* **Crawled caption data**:
+++++

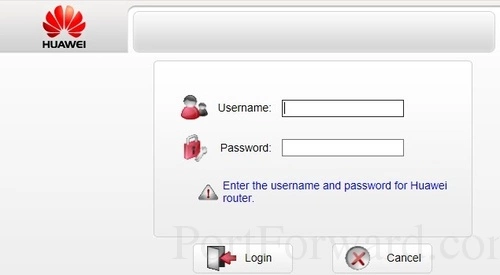 Huawei HG532d Login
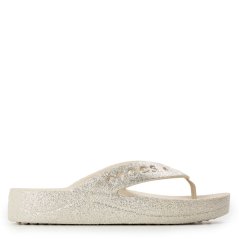 Crocs Women's Baya Platform Clogs Stucco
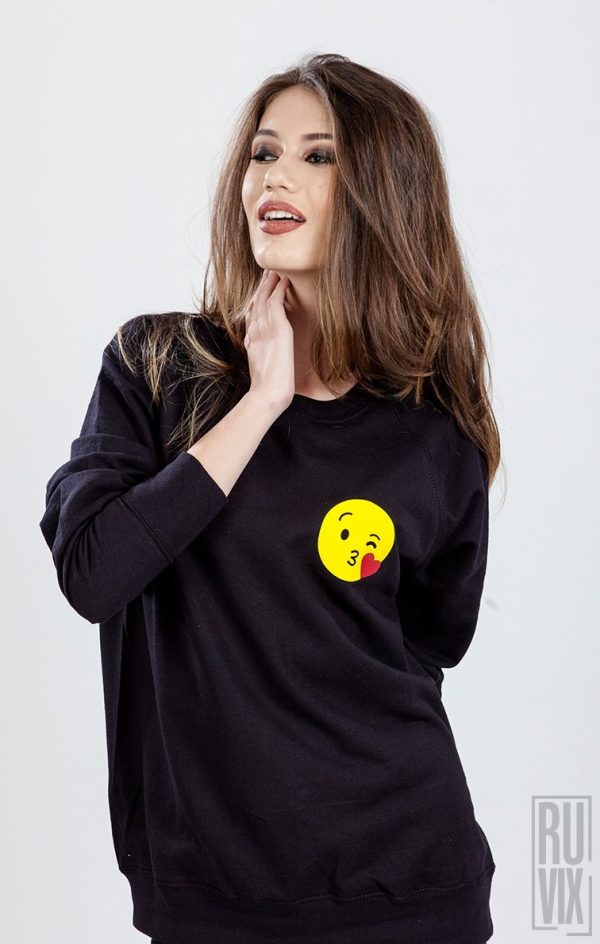 Reduceri, Bluză Emoticon Pupic, ruvix.ro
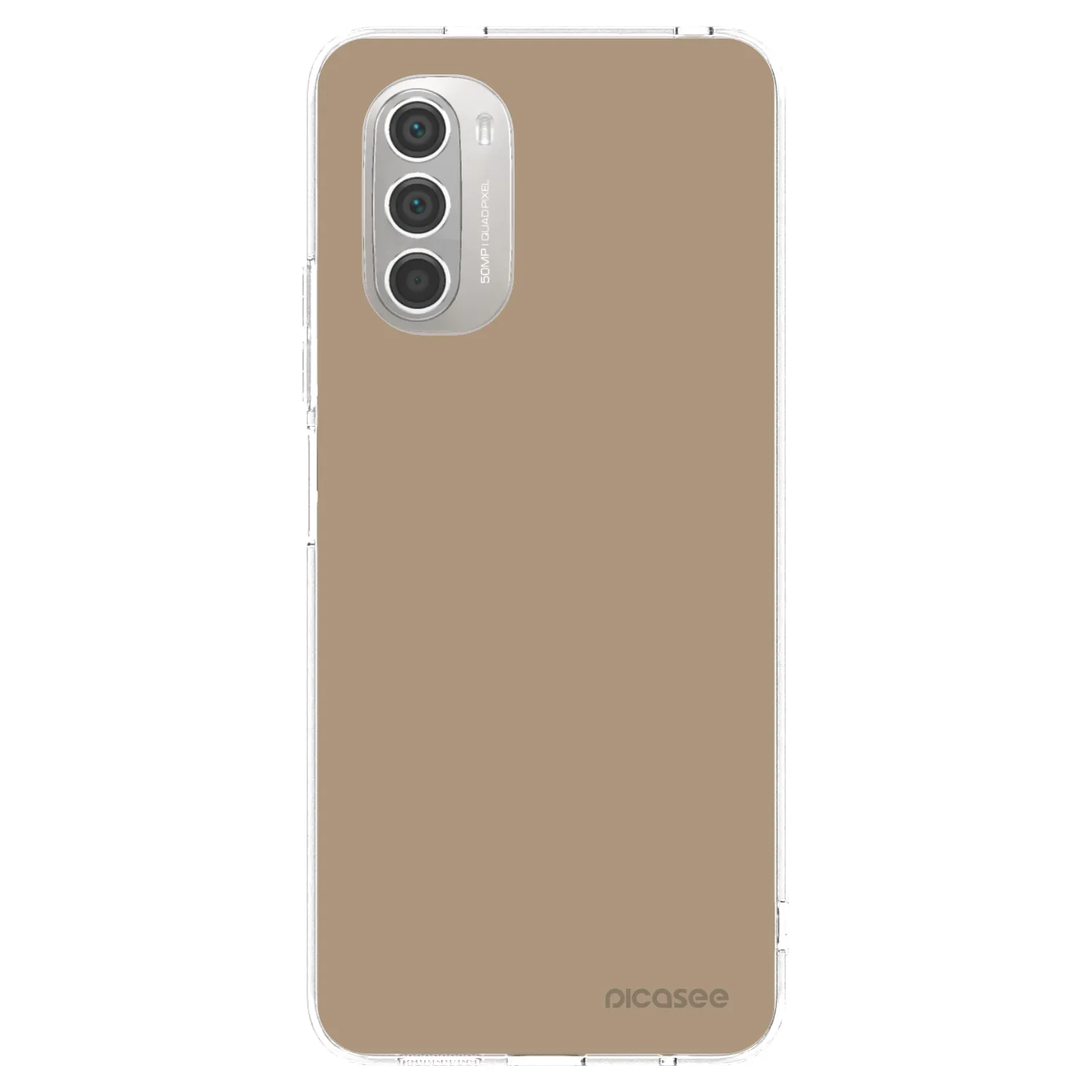 Picasee silikónový prehľadný obal pre Motorola Moto G51 - Soft Sand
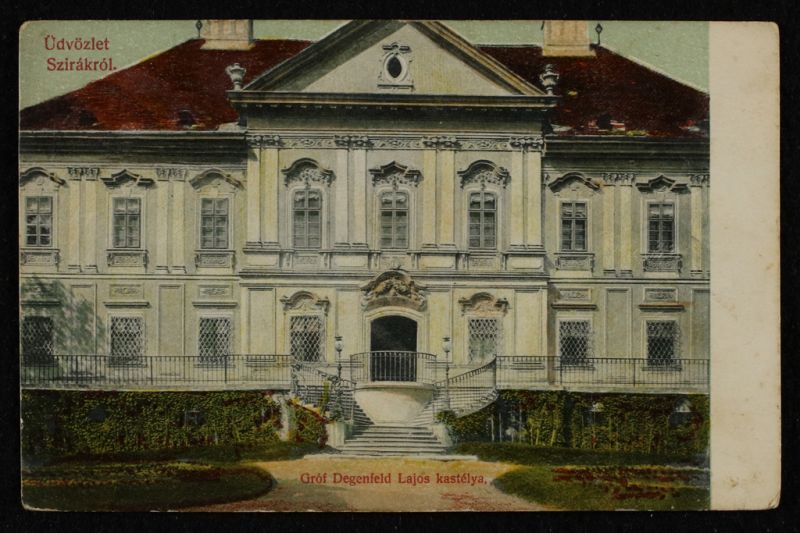 Képeslap - Szirák, Dégenfeld-kastély, Schőn László kiadása, 20. század eleje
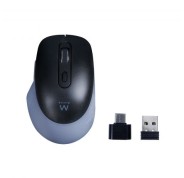 Ewent EW3243 Raton Inalambrico USB 3200dpi - 6 Botones - 2,4Ghz y Bluetooth - Uso Diestro - Color Negro/Gris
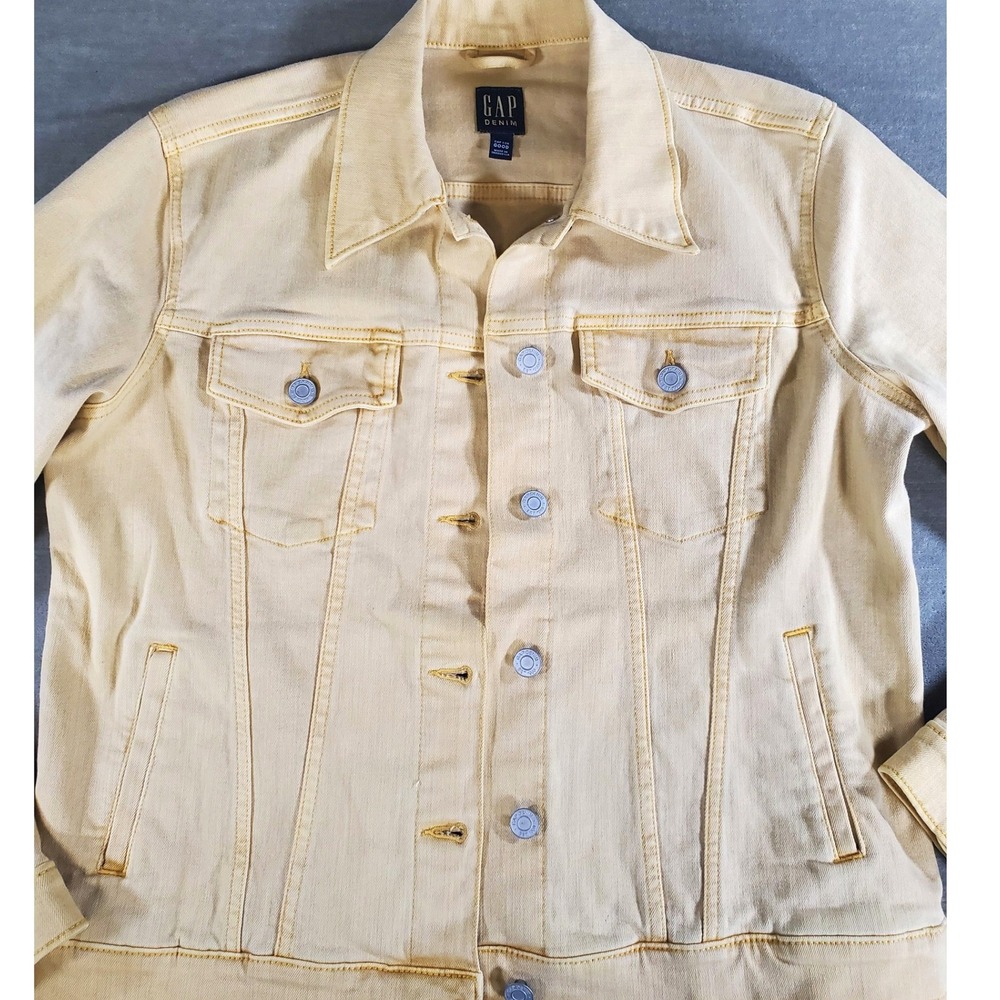 GAP Denim Women Yellow Trucker Jacket NWT Size L 542310-00-1-0003 - Picture 9 of 12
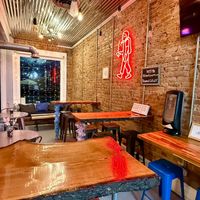 Indoor Seating at Coffee Republic & Coworking in Huntersville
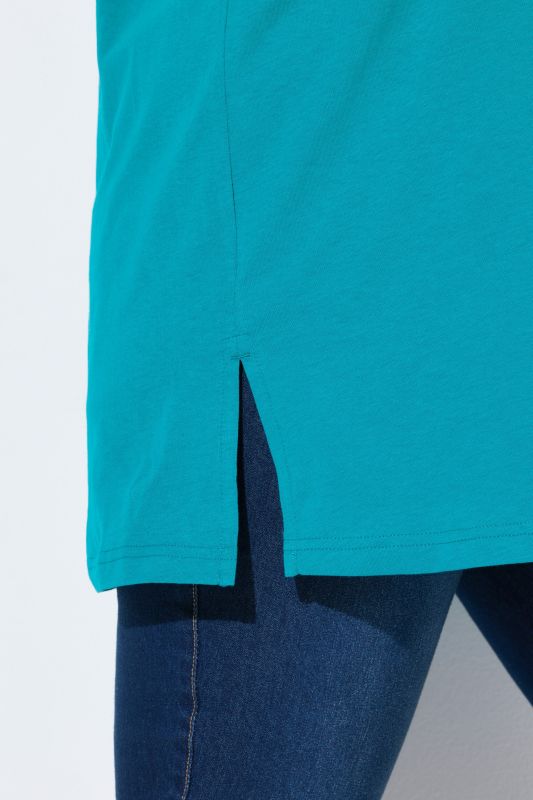 Basic Round Neck Short Sleeve Relaxed Fit  Tee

+++++

* **Your task**: Transcribe all of the data above verbatim but omit every picture.

* **Solution for this exercise**:
 Huawei HG532d Login
 Crocs Women's Baya Platform Clogs Stucco
 Reduceri, Bluză Emoticon Pupic, ruvix.ro
 Picasee silikónový prehľadný obal pre Motorola Moto G51 - Soft Sand
 Képeslap - Szirák, Dégenfeld-kastély, Schőn László kiadása, 20. század eleje
 Ewent EW3243 Raton Inalambrico USB 3200dpi - 6 Botones - 2,4Ghz y Bluetooth - Uso Diestro - Color Negro/Gris
 GAP Denim Women Yellow Trucker Jacket NWT Size L 542310-00-1-0003 - Picture 9 of 12
 Indoor Seating at Coffee Republic & Coworking in Huntersville
 Basic Round Neck Short Sleeve Relaxed Fit  Tee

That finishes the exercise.